Richard Gouraige

No. 76 – St. Louis Battlehawks
- Position: Offensive tackle
- Roster status: Active

Personal information
- Born: October 15, 1998 (age 27) Tampa, Florida, U.S.
- Listed height: 6 ft 5 in (1.96 m)
- Listed weight: 308 lb (140 kg)

Career information
- High school: Cambridge Christian (Tampa)
- College: Florida (2018–2022)
- NFL draft: 2023: undrafted

Career history
- Buffalo Bills (2023–2025); St. Louis Battlehawks (2026–present);

Career NFL statistics as of 2024
- Games played: 1
- Stats at Pro Football Reference

= Richard Gouraige =

American football player (born 1998)

Richard Gouraige (born October 15, 1998) is an American professional football offensive tackle for the St. Louis Battlehawks of the United Football League (UFL). He played college football for the Florida Gators.

== Early life ==
Gouraige grew up in Tampa, Florida and attended Cambridge Christian School where he lettered in football and basketball. He was rated a four-star recruit and committed to play college football at Florida over offers from Ole Miss, Clemson, North Carolina, Florida State and Alabama.

== College career ==
During Gouraige's true freshman season in 2018, he only appeared in two games and earned a redshirt. During the 2019 season, he appeared in 12 games and started five of them at left guard and made the record for the 16th passing offense in the country by blocking for an offense in 6.5 yards per play. During the 2020 season, he appeared and started in all 12 games. He finished the season by helping the Gators achieve the record of passing yards per game with 378.6 yards, ranking eighth nationally with 7.28 yards per play and ninth with 509.8 yards per game. During the 2021 season, he started 12 games at left tackle and finished the season by helping the offense stay in the top 16 offense, blocking for 717 total yards during a game against Samford which made this the second in program history and third most by a team that season. During the 2022 season, he played and started all 13 games at left tackle and finished the season with 1.3 sacks per game.

== Professional career ==

Pre-draft measurables
| Height | Weight | Arm length | Hand span | Wingspan | 40-yard dash | 10-yard split | 20-yard split | 20-yard shuttle | Three-cone drill | Vertical jump | Broad jump | Bench press |
| 6 ft 5 in (1.96 m) | 306 lb (139 kg) | 34 in (0.86 m) | 10 in (0.25 m) | 6 ft 9+1⁄8 in (2.06 m) | 5.41 s | 1.90 s | 3.15 s | 4.90 s | 8.00 s | 22.5 in (0.57 m) | 8 ft 1 in (2.46 m) | 24 reps |
All values from NFL Combine/Pro Day

=== Buffalo Bills ===
On April 29, 2023, Gouraige was signed to the Buffalo Bills as an undrafted free agent after going unselected in the 2023 NFL draft. He signed a reserve/future contract with Buffalo on January 22, 2024.
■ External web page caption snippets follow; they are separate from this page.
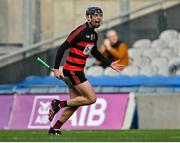 12 February 2022; Harry Ruddle of Ballygunner celebrates scoring his side's second goal, in injury-time of the second half, during the AIB GAA Hurling All-Ireland Senior Club Championship Final match between Ballygunner, Waterford, and Shamrocks, Kilkenny, at Croke Park in Dublin. Photo by Piaras Ó Mídheach/Sportsfile
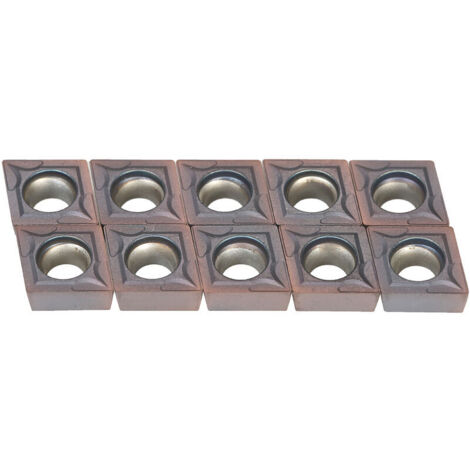 10 pièces/boîte Ccmt09T304 Vp15Tf plaquettes en carbure Ccmt 09 T3/Ccmt32.51 insérer tour tournant CNC lames outil de fraisage (1/4)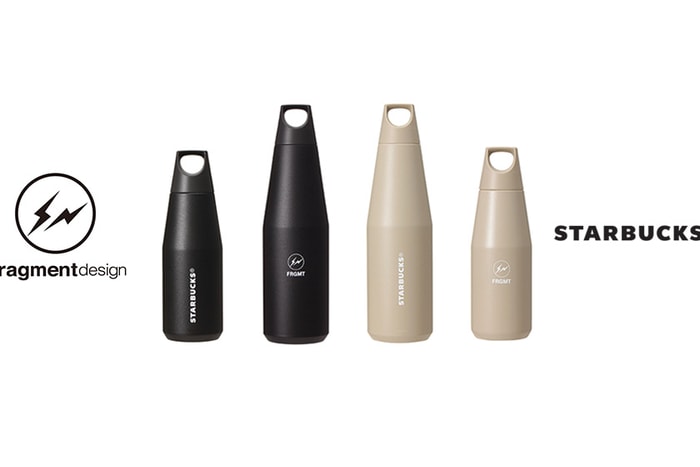 開賣在即:fragment design x Starbucks 再次驚喜聯名:霧面奶茶色保溫瓶太美!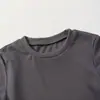 Comercio Exterior Transfronterizo Estilo Europeo y Americano Conjunto de Seis Piezas de Ropa para el Hogar de Verano para Mujer Camiseta de Color Sólido con Cuello Redondo y Pantalones Cortos Pijama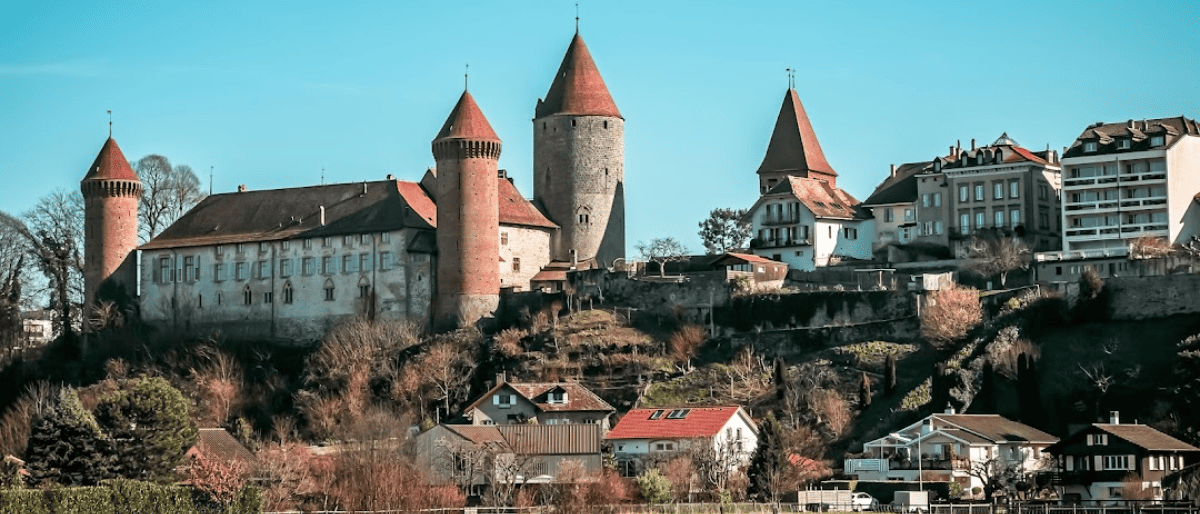 Ville de Estavayer où nous faisons du débarras de maison.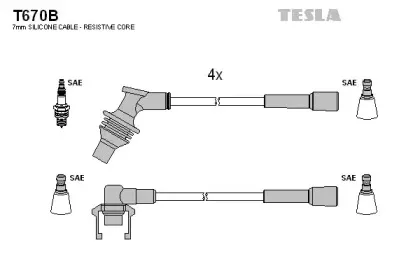 Комплект проводов зажигания TESLA купить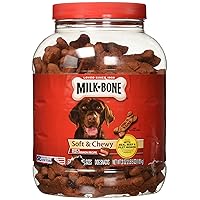 Milk Bone Soft & Chewy Dog Snacks (Beef & Filet Mignon Recipe) 37Oz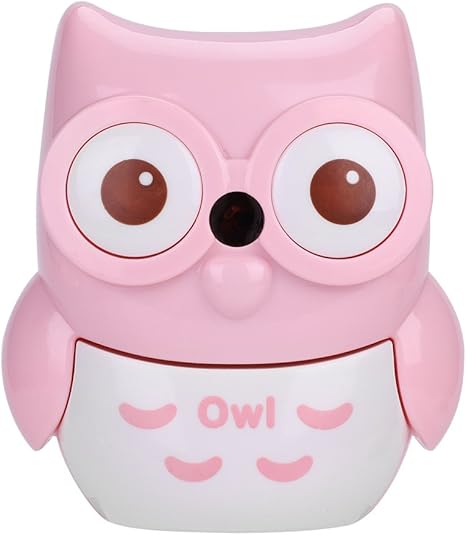 鉛筆削り 手動 シャープナー 鉛筆削り器 女の子 男の子 かわいい えんぴつけずり フクロウ アニマル キャラクター 6 8mm鉛筆 色鉛筆 製図 鉛筆用削り具 画材用具 オフィス 文房具 大人 子供 学用品 入学 新学期 プレゼント ピンク 鉛筆削り 文房具 Amazon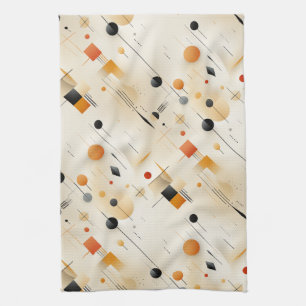 Abstract Bauhaus Kitchen Towel
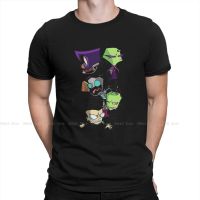 Pile on the Dib  Mens T Shirts Invader Zim Awesome Tees Short Sleeve Round Neck T-Shirt Cotton Summer Tops 4XL 5XL 6XL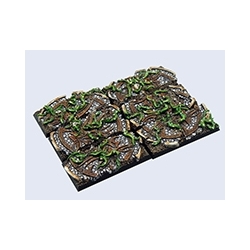Dark Temple Bases, 25x50mm (4)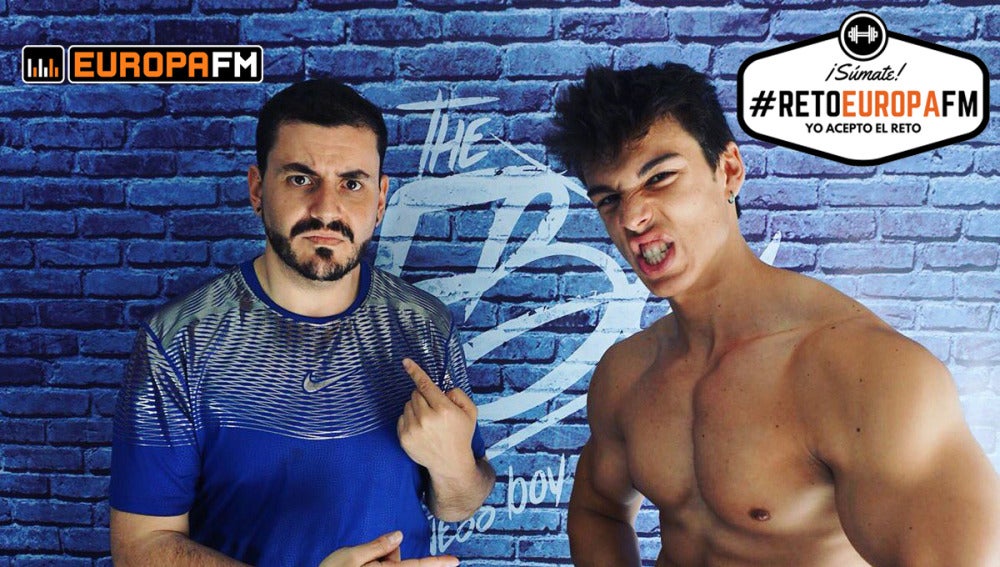 Juanma Romero se suma al #retoEuropaFM con el asesoramiento de Ernest The Fitness Boy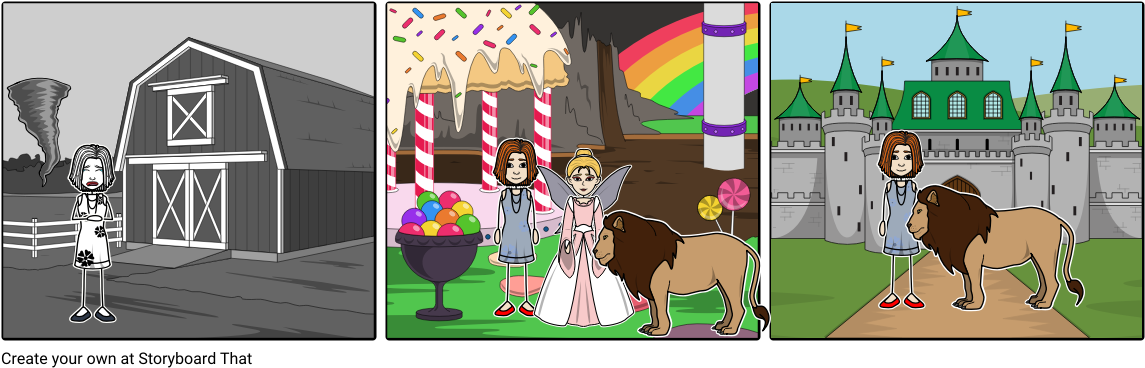 The Wizard Of Oz - Cartoon (1164x385), Png Download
On August 27, 2024, Gouraige was released by the Bills as part of final roster cuts, and re-signed to the practice squad.

Gouraige was elevated from the practice squad to the active roster for the November 17, 2024 game against the Kansas City Chiefs. He signed a reserve/future contract on January 28, 2025.

On August 26, 2025, Gouraige was released by the Bills as part of final roster cuts. He was re-signed to the practice squad on December 24. Gouraige was released by Buffalo on January 6, 2026.

=== St. Louis Battlehawks ===
On January 14, 2026, Gouraige was selected by the St. Louis Battlehawks of the United Football League (UFL).